= Battle of Fiodh-an-Átha =

14th century battle in Ireland

The Battle of Fiodh an Átha was fought in 1327 according to the Annals of Ulster or, less likely, 1330 according to the Annals of the Four Masters, at what is now Finnea, County Westmeath, Ireland. The Annals of Ulster for 1327 state: "A hosting by Ualgharc O'Ruairc, king of Breifni, to Fidh-in-atha. The Foreigners of the town arose against them, so that Art O'Ruairc, material of a king of Breifni and many others were killed there."

The Annals of the Four Masters for 1330 state: "An army was led by Ualgarg O'Rourke to Fiodh-an-atha, whereupon the English of that town rose up against him. O'Rourke's people were defeated; and Art O'Rourke, a materies of a chief lord of Breifny, Rory Magauran, and many others, were slain by the English."

The Annals of Loch Cé for 1330 state: "A hosting by O'Ruairc to Fidh-an-atha, when the people of the town opposed them, and O'Ruairc was defeated, and Art O'Ruairc, who was qualified to be king of Breifne, was killed there, and a great many more, both good and bad."

The Annals of Connacht for 1330 state: "O Ruairc went on a hosting to Finnae.
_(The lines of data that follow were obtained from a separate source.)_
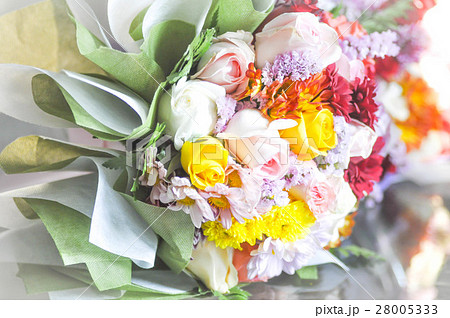 bouquet of  rose flowers in blur background 28005333
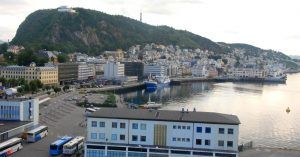 Monte y Puerto de Ålesund y el Art Nouveau, Noruega.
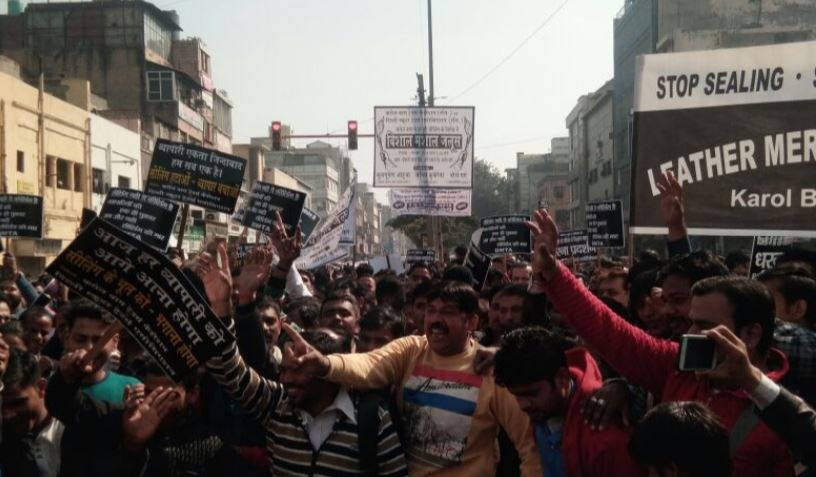 सीलिंग के विरोध में 48 घंटे के लिये दिल्ली के बाजार बंद , 5 हजार जगहों पर प्रदर्शन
The people of the town rose against him and defeated him and Art O Ruairc, an eligible prince of Brefne, was killed, with many others, gentle and simple."

John Pembridge's Annals for 1331 state: "Item, apud Ffynnagh in Midia, strages Hibernicorum per Anglicos ejusdem terre undecimo die mensis Junii."

Grace's Annals for 1331 state: "at Finnagh, in Meath, some are killed by the English inhabitants on the 19th of June".